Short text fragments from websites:
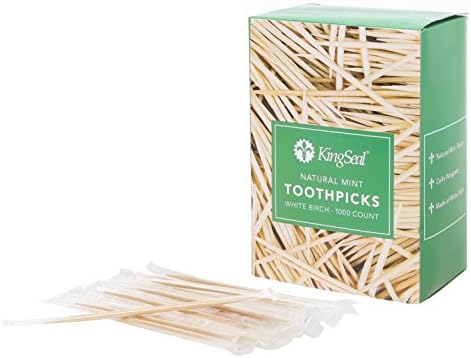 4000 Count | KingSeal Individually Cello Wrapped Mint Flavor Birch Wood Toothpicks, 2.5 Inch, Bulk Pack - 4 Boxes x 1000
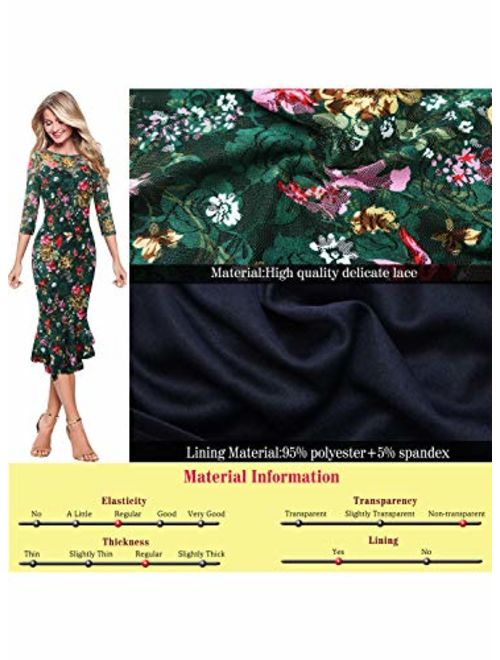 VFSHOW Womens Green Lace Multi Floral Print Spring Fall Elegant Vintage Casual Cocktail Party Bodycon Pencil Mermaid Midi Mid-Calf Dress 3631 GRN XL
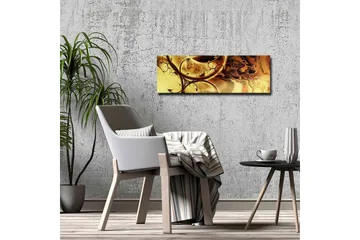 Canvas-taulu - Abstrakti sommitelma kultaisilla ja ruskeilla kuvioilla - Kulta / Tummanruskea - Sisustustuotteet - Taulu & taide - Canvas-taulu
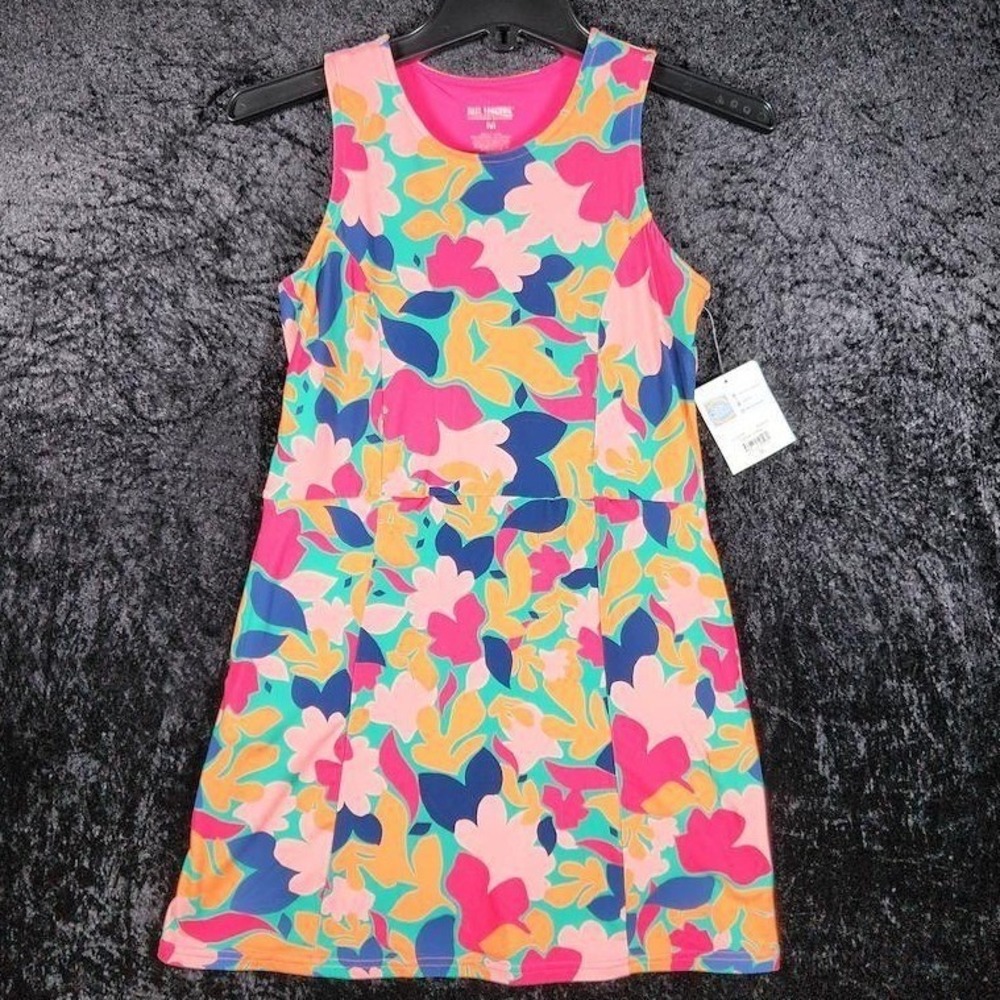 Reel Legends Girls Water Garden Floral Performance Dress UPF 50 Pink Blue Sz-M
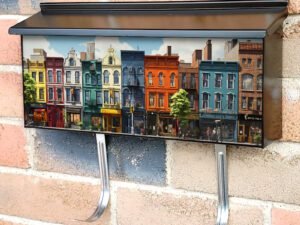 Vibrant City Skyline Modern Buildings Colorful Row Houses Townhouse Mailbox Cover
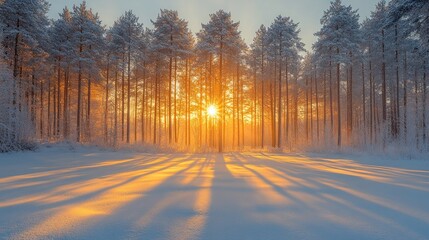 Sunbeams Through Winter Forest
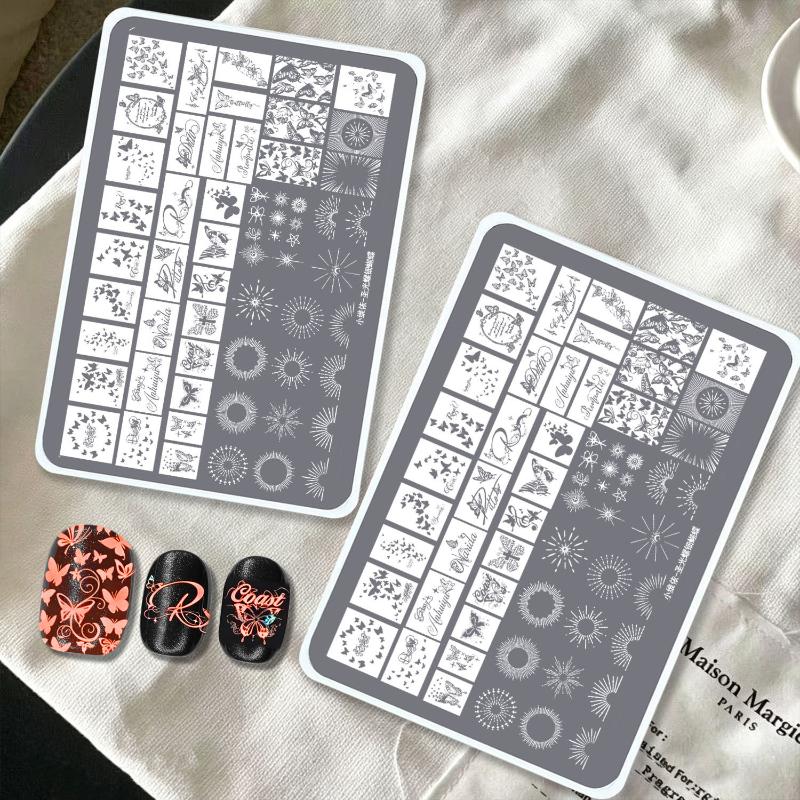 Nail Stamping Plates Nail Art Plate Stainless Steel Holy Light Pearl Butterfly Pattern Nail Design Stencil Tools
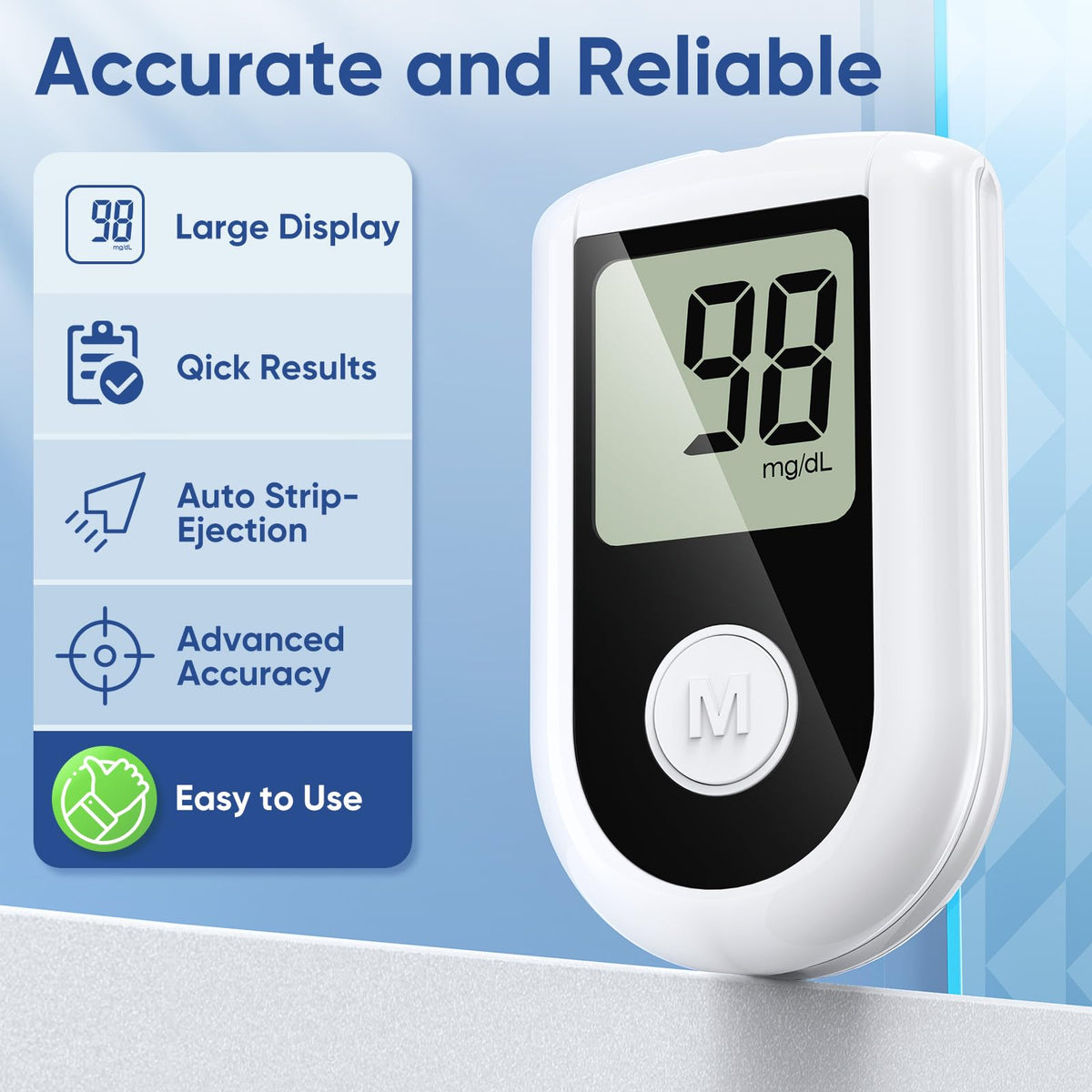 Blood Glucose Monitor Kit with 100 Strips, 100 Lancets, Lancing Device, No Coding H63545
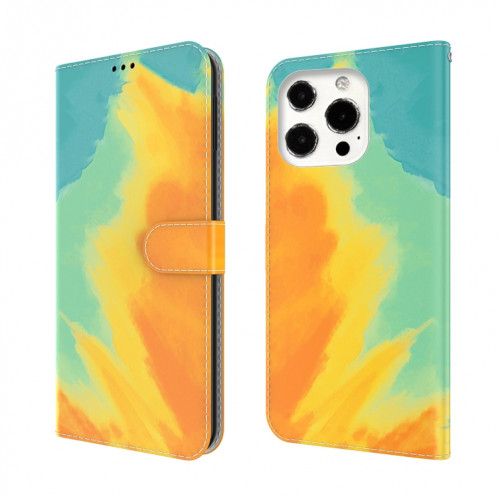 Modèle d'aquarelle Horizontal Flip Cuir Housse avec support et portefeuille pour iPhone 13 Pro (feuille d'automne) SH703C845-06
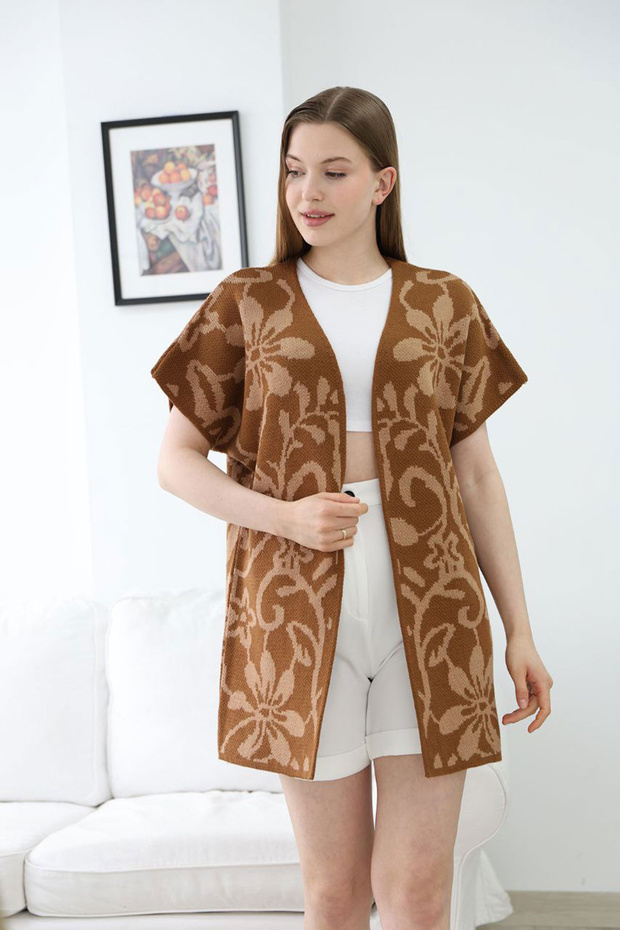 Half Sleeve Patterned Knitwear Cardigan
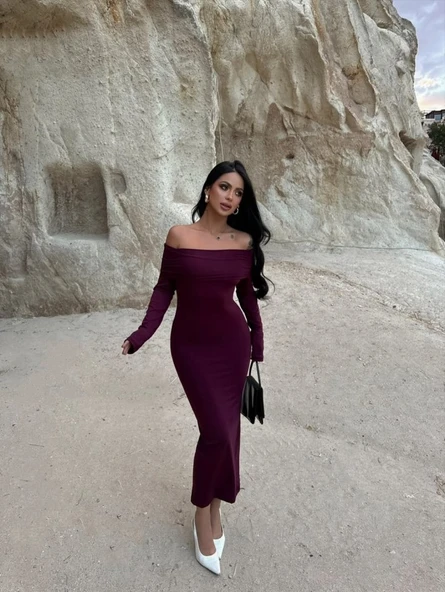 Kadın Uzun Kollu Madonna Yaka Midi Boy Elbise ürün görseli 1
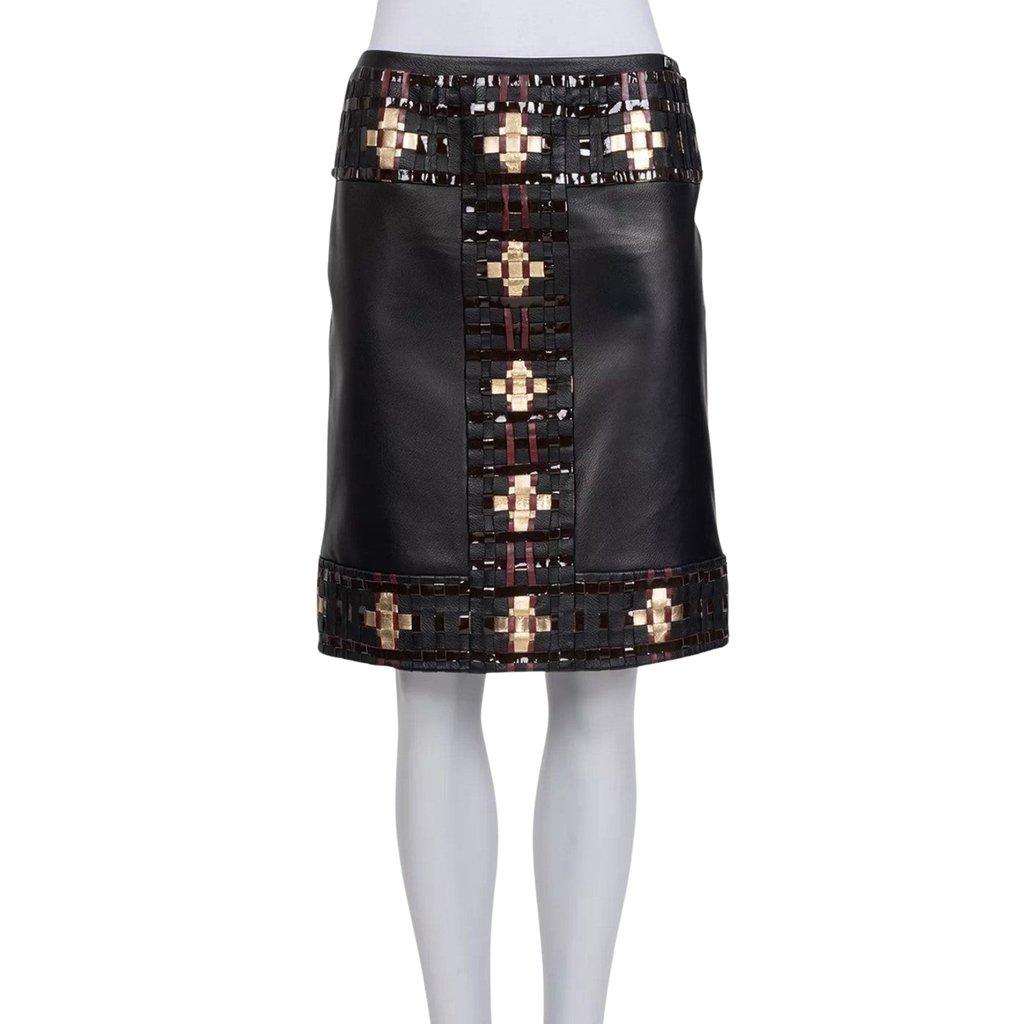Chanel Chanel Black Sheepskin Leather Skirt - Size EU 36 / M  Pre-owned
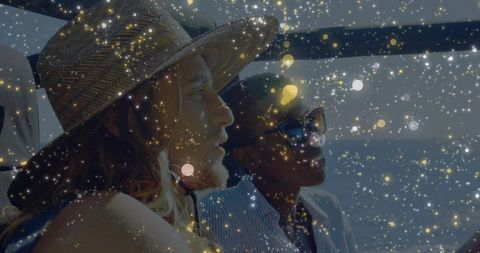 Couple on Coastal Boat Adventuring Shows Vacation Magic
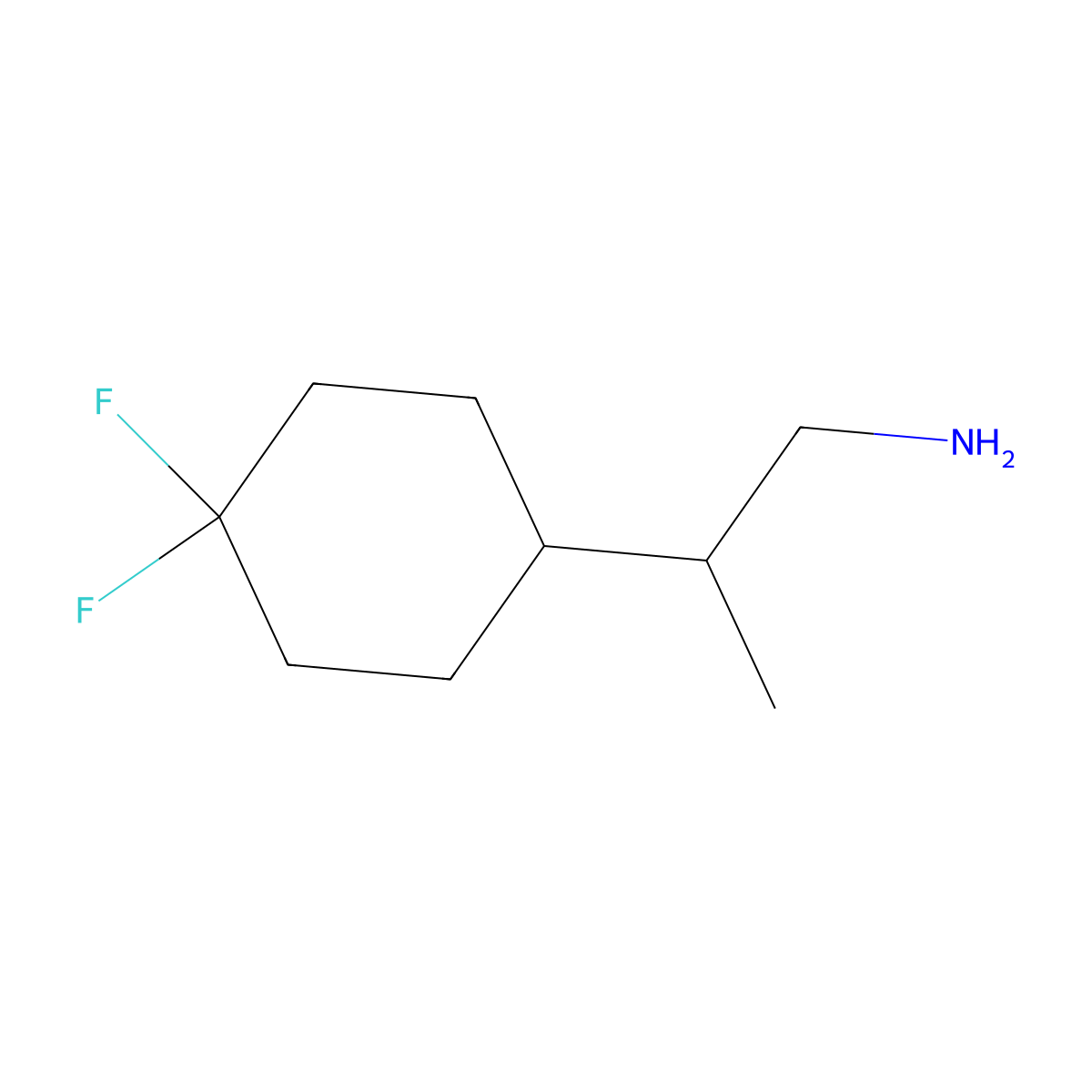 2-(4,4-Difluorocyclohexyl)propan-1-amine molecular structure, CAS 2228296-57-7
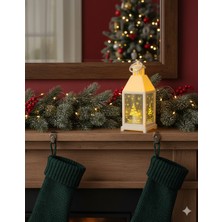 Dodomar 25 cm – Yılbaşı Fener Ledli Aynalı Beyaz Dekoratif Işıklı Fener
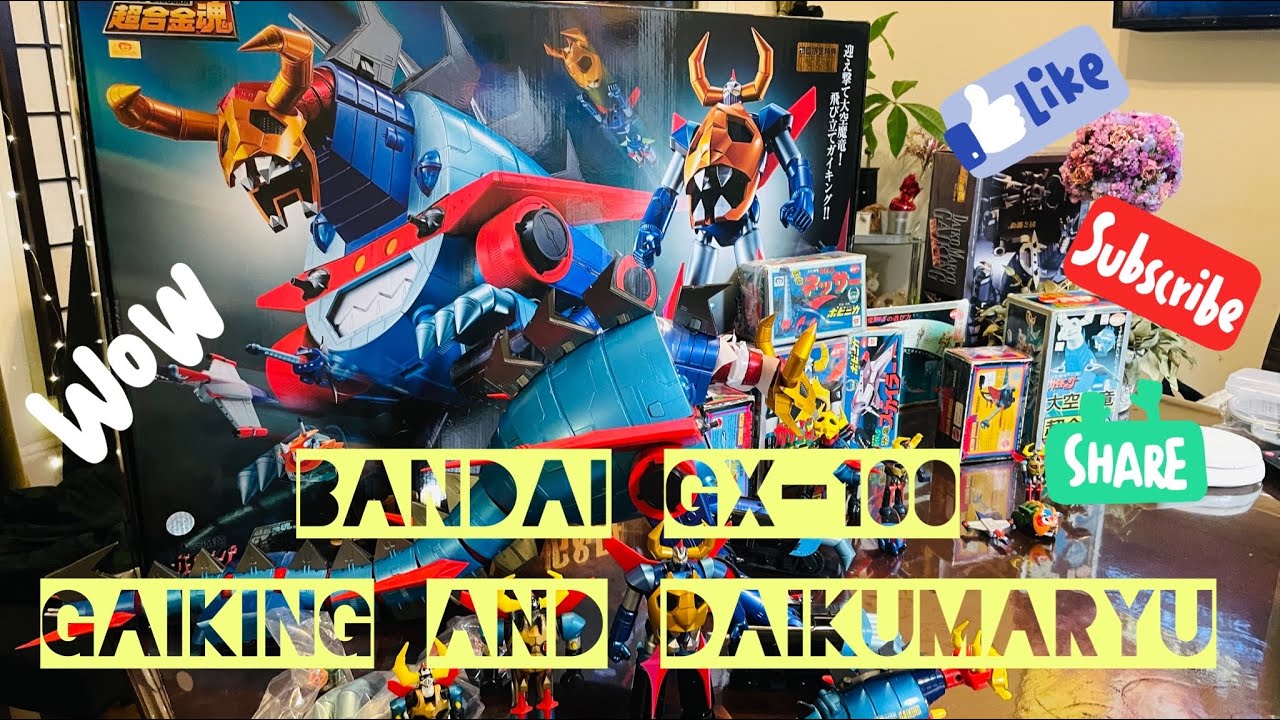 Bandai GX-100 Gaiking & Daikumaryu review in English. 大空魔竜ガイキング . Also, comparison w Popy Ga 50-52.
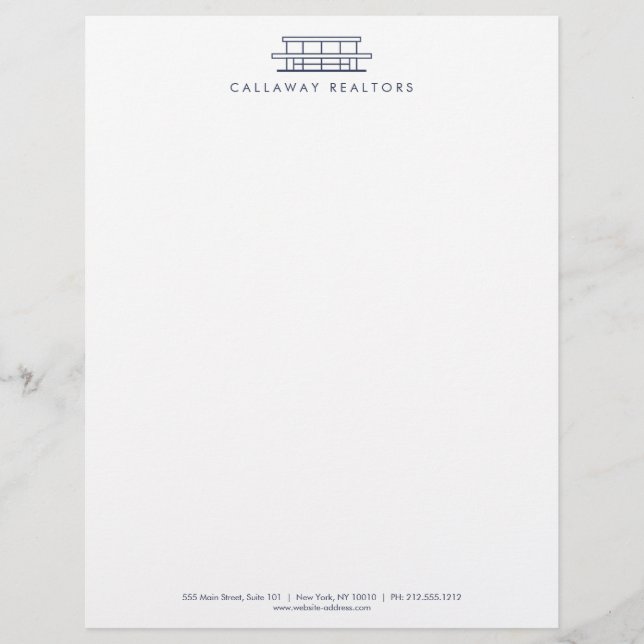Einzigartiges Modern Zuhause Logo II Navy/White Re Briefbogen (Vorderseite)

== TRY IT ==
Your answer should be an exact copy of the entries above, with no images included.

== RESULT ==
 4000 Count | KingSeal Individually Cello Wrapped Mint Flavor Birch Wood Toothpicks, 2.5 Inch, Bulk Pack - 4 Boxes x 1000
 VFSHOW Womens Green Lace Multi Floral Print Spring Fall Elegant Vintage Casual Cocktail Party Bodycon Pencil Mermaid Midi Mid-Calf Dress 3631 GRN XL
 Canvas-taulu - Abstrakti sommitelma kultaisilla ja ruskeilla kuvioilla - Kulta / Tummanruskea - Sisustustuotteet - Taulu & taide - Canvas-taulu
 Reel Legends Girls Water Garden Floral Performance Dress UPF 50 Pink Blue Sz-M
 Vibrant City Skyline Modern Buildings Colorful Row Houses Townhouse Mailbox Cover
 Sunbeams Through Winter Forest
 Nail Stamping Plates Nail Art Plate Stainless Steel Holy Light Pearl Butterfly Pattern Nail Design Stencil Tools
 Blood Glucose Monitor Kit with 100 Strips, 100 Lancets, Lancing Device, No Coding H63545
 Modèle d'aquarelle Horizontal Flip Cuir Housse avec support et portefeuille pour iPhone 13 Pro (feuille d'automne) SH703C845-06
 Half Sleeve Patterned Knitwear Cardigan
 Kadın Uzun Kollu Madonna Yaka Midi Boy Elbise ürün görseli 1
Chanel Chanel Black Sheepskin Leather Skirt - Size EU 36 / M  Pre-owned
 Couple on Coastal Boat Adventuring Shows Vacation Magic
 2-(4,4-Difluorocyclohexyl)propan-1-amine molecular structure, CAS 2228296-57-7
 Dodomar 25 cm – Yılbaşı Fener Ledli Aynalı Beyaz Dekoratif Işıklı Fener
 Bandai GX-100 Gaiking & Daikumaryu review in English. 大空魔竜ガイキング . Also, comparison w Popy Ga 50-52.
Einzigartiges Modern Zuhause Logo II Navy/White Re Briefbogen (Vorderseite)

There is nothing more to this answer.